NAME

Regexp::Parsertron - Parse a Perl regexp into a data structure of type Tree

Warning: Development version. See "Version Numbers" for details.

Synopsis

This is scripts/synopsis.pl:

#!/usr/bin/env perl

use v5.10;
use strict;
use warnings;

use Regexp::Parsertron;

# ---------------------

my($re)		= qr/Perl|JavaScript/i;
my($parser)	= Regexp::Parsertron -> new(verbose => 1);

# Return 0 for success and 1 for failure.

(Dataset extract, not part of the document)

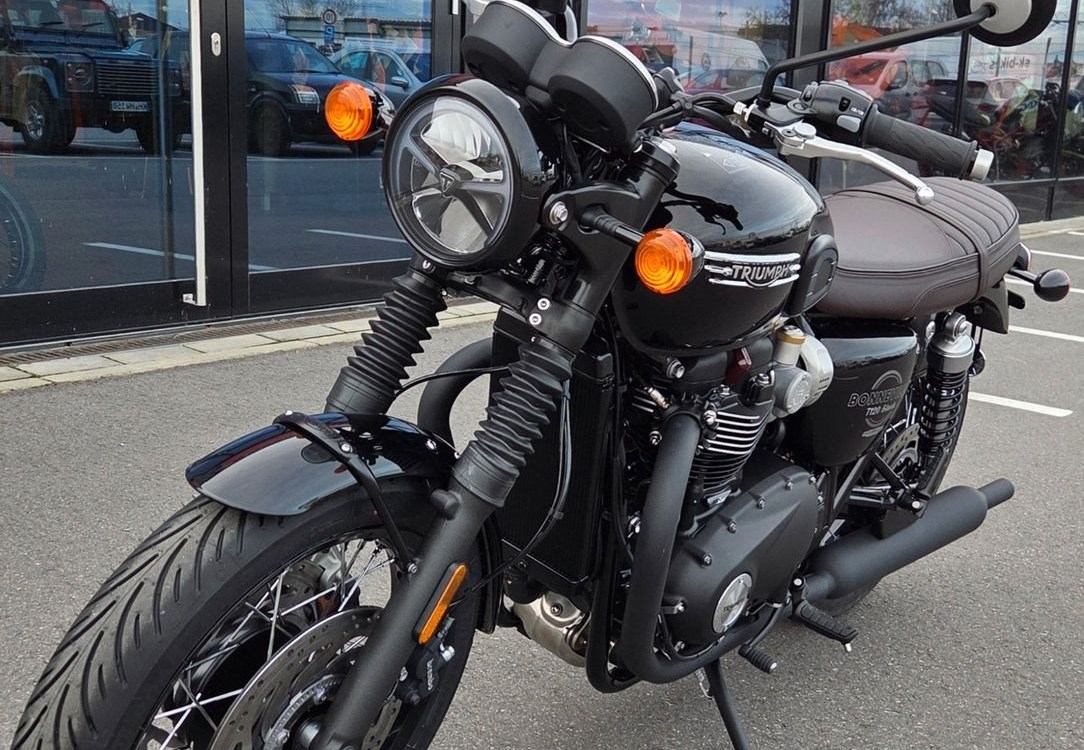 Angebot Triumph Bonneville T120 Black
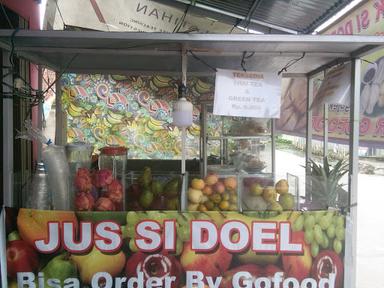 JUS & BAKSO BAKAR SI DOEL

my($result) = $parser -> parse(re => $re);

say "Calling append(text => '|C++', uid => 6)";

$parser -> append(text => '|C++', uid => 6);
$parser -> print_raw_tree;
$parser -> print_cooked_tree;

my($as_string) = $parser -> as_string;

say "Original:  $re. Result: $result. (0 is success)";
say "as_string: $as_string";

And its output:

Test count: 1. Parsing (in qr/.../ form): '(?^i:Perl|JavaScript)'.
Root. Attributes: {text => "Root", uid => "0"}
    |--- open_parenthesis. Attributes: {text => "(", uid => "1"}
    |    |--- question_mark. Attributes: {text => "?", uid => "2"}
    |    |--- caret. Attributes: {text => "^", uid => "3"}
    |    |--- flag_set. Attributes: {text => "i", uid => "4"}
    |    |--- colon. Attributes: {text => ":", uid => "5"}
    |    |--- character_set. Attributes: {text => "Perl|JavaScript", uid => "6"}
    |--- close_parenthesis. Attributes: {text => ")", uid => "7"}
Calling append(text => '|C++', uid => 6)
Root. Attributes: {text => "Root", uid => "0"}
    |--- open_parenthesis. Attributes: {text => "(", uid => "1"}
    |    |--- question_mark. Attributes: {text => "?", uid => "2"}
    |    |--- caret. Attributes: {text => "^", uid => "3"}
    |    |--- flag_set. Attributes: {text => "i", uid => "4"}
    |    |--- colon. Attributes: {text => ":", uid => "5"}
    |    |--- character_set. Attributes: {text => "Perl|JavaScript|C++", uid => "6"}
    |--- close_parenthesis. Attributes: {text => ")", uid => "7"}
Name                  Uid  Text
----                  ---  ----
open_parenthesis        1  (
question_mark           2  ?
caret                   3  ^
flag_set                4  i
colon                   5  :
character_set           6  Perl|JavaScript|C++
close_parenthesis       7  )
Original:  (?^i:Perl|JavaScript). Result: 0. (0 is success)
as_string: (?^i:Perl|JavaScript|C++)

Note: The 1st tree is printed due to verbose => 1 in the call to "new([%opts])", while the 2nd is due to the call to "print_raw_tree()". The columnar output is due to the call to "print_cooked_tree()".

The Edit Methods

The edit methods simply means any one or more of these methods, which can all change the text of a node:

o "append(%opts)"
o "prepend(%opts)"
o "set(%opts)"

The edit methods are exercised in t/get.set.t, as well as scripts/synopsis.pl (above).

Description

Parses a regexp into a tree object managed by the Tree module, and provides various methods for updating and retrieving that tree's contents.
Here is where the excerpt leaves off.